Today our guest is David Snider. David is CEO and founder of Harness Wealth. I’m very excited to talk about that, but just talk about the profession in general. David, welcome to The Unique CPA.
Thank you. After having been with you in person out at the AICPA event in Las Vegas, it’s great to join you virtually.
Yeah, I was very fortunate to get invited to lunch with the Harness Group. Just a short walk, although nothing’s a short walk in Vegas, I think you gotta take ten different routes to get there, but short walk from the hotel we were staying at, that was a lot of fun, so thank you for the invite to that lunch, it was fun.
So, before we even get into—we’re gonna get into the profession, we’re gonna get into ways that we can help the profession in general, things that we see going on in the profession—but before we even do that, I just gave you a quick intro. Why don’t you give us a little more background on you and how Harness started.

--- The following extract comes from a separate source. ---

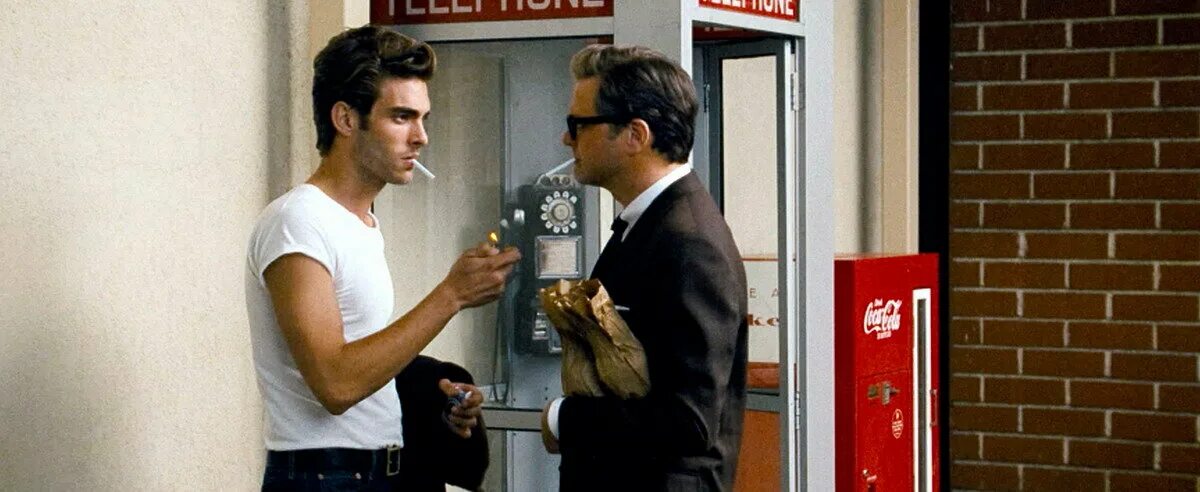 силуэт одинокого человека. человек одиночка. мужская фотосессия в кафе. одиночество мужчины. телефон одинокого мужчины.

Fantastic. Well, I’ve spent probably the last 12 years focused on how technology can enable advisors to be more effective in working with clients and creating value for them. And the first chapter of that was in the real estate space, helping to build Compass, the tech-enabled real estate brokerage. I was the COO, CFO, and they really stumbled into how powerful it can be to create software that enhances the collaboration and the experience of working with advisors, but doing that in a way that is not software-only, but is software surrounded by tech-enabled services that really help advisors and their businesses thrive.
And so that theme was really exciting to me and I’ve had the opportunity through a short stint back at Bain Capital where I’d been earlier in my career to launch Harness and try to do something similar in creating value for tax advisors principally, but also some other areas that can support them as well.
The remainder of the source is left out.